Graham's first lecture, "Computers and Mathematics: Problems and Prospects," will be held at 4 p.m. Thursday in Room D109 of the Baylor Sciences Building. He will discuss a variety of mathematical problems in which computers have had, may have or will probably never have a significant role in solving.

His second lecture, "The Combinatorics of Solving Linear Equations," will be held at 3:30 p.m. Friday in Room 344 of the Sid Richardson Building. He will discuss what is known and what is still unknown about Ramsey theory, a major branch of combinatorics which studies properties that are preserved under partitions.

Graham, chief scientist at the California Institute for Telecommunications and Information Technology, is a mathematician credited by the American Mathematical Society as being "one of the principal architects of the rapid development worldwide of discrete mathematics in recent years." At the age of 15, he started his university studies at the University of Chicago and went on to receive his doctoral degree in mathematics from the University of California, Berkeley, in 1962.

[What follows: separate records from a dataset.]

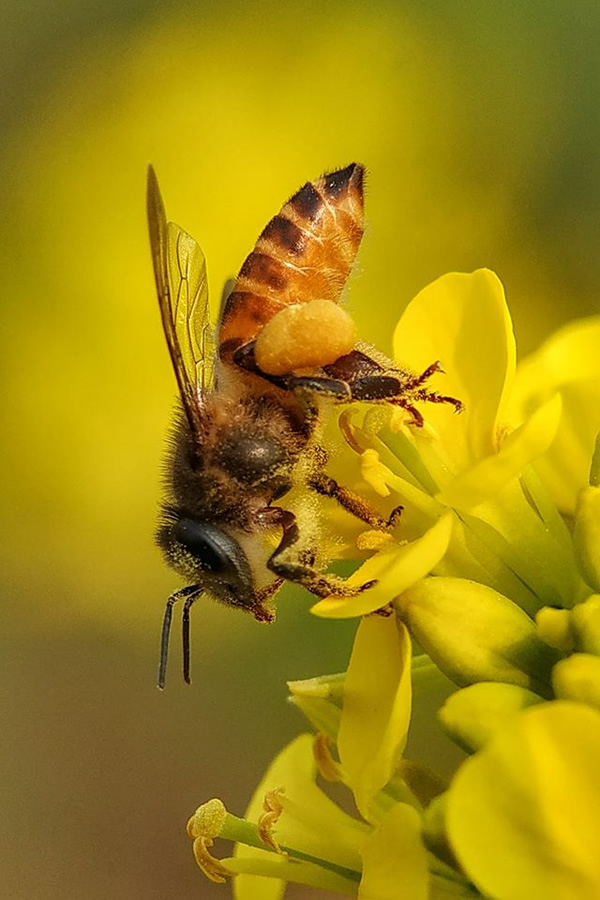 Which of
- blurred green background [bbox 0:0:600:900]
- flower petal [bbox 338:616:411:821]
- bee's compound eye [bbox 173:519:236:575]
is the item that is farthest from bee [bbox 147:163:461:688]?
blurred green background [bbox 0:0:600:900]

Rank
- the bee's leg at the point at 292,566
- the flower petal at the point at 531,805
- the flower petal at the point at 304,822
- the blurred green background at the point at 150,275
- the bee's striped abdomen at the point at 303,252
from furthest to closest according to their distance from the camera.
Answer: the blurred green background at the point at 150,275
the bee's striped abdomen at the point at 303,252
the flower petal at the point at 304,822
the bee's leg at the point at 292,566
the flower petal at the point at 531,805

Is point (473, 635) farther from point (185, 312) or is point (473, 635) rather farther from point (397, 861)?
point (185, 312)

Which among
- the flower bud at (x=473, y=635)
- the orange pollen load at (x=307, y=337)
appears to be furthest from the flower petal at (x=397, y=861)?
the orange pollen load at (x=307, y=337)

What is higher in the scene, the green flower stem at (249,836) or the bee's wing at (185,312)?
the bee's wing at (185,312)

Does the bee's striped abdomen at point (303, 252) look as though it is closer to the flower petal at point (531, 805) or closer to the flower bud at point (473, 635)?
the flower bud at point (473, 635)

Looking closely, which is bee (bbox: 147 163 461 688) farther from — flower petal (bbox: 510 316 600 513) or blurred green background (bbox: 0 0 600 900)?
blurred green background (bbox: 0 0 600 900)

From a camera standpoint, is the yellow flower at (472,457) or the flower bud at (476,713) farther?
the yellow flower at (472,457)

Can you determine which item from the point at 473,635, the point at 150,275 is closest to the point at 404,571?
the point at 473,635
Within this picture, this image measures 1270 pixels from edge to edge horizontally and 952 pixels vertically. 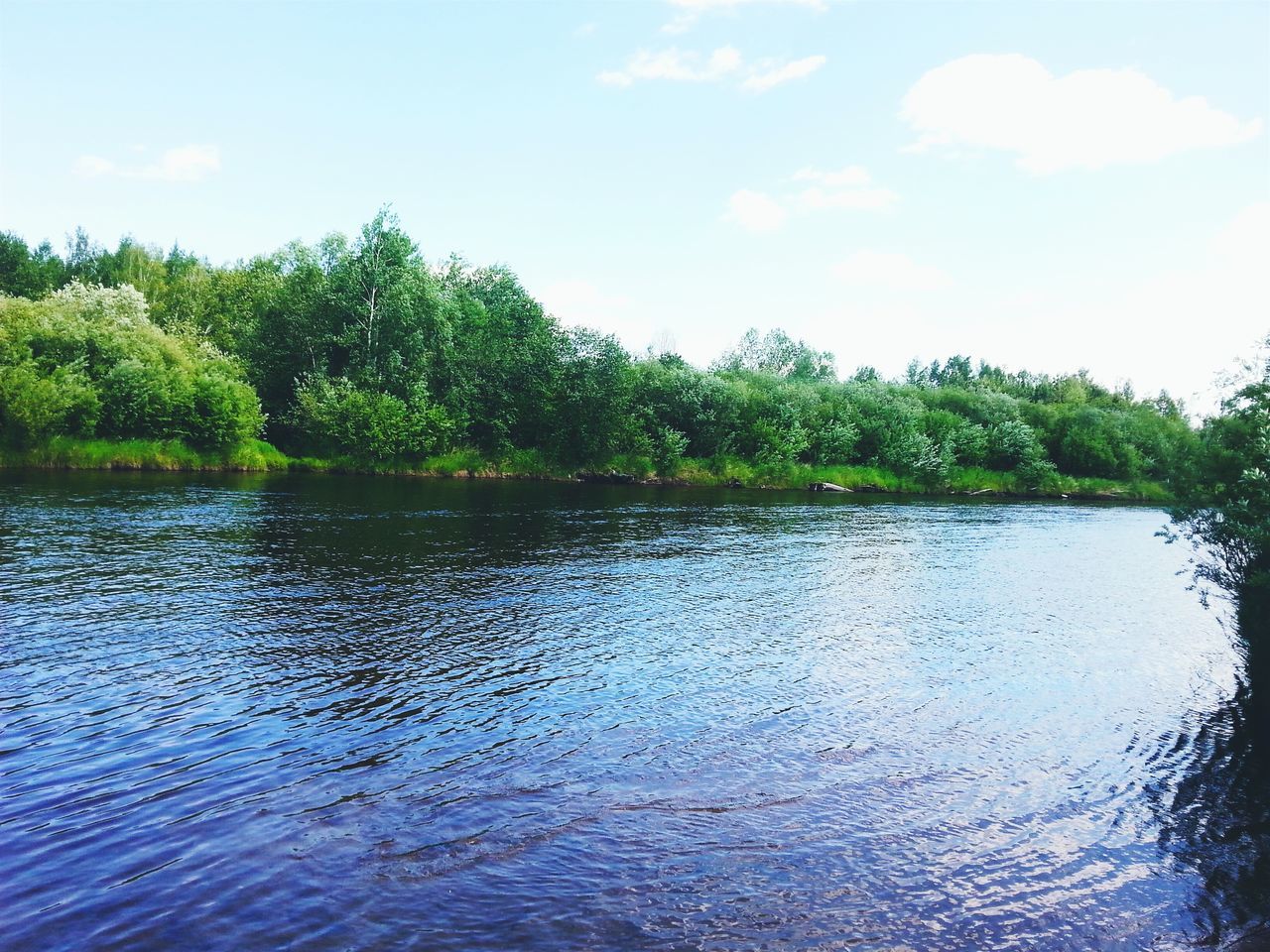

For the next 37 years, Graham worked at AT&T Bell Laboratories in New Jersey, working on several problems in pure and applied mathematics. In 1999, he returned to California and joined the UC-San Diego faculty. He won the American Mathematical Society's annual Steele Prize for Lifetime Achievement in 2003, and he has published five books and more than 320 papers.

About the Baylor Undergraduate Lecture Series in Mathematics
Presented by the Baylor Department of Mathematics, the Baylor Undergraduate Lecture Series in Mathematics was introduced in 2008. The lecture series is aimed at undergraduate and graduate students, as well area high school students and teachers. The series' goal is to interest and attract students to mathematics and mathematics education.
Lecturers chosen for the series are renowned mathematicians with a penchant for teaching mathematics and a clear enthusiasm for the subject. Previous speakers include: Dr. John Oprea, professor of mathematics at Cleveland State University; Dr. Brian Conrey, founding director of the American Institute of Mathematics in Palo Alto, Calif.; and Dr. William Dunham, Truman Koehler Professor of Mathematics at Muhlenberg College in Allentown, Pa.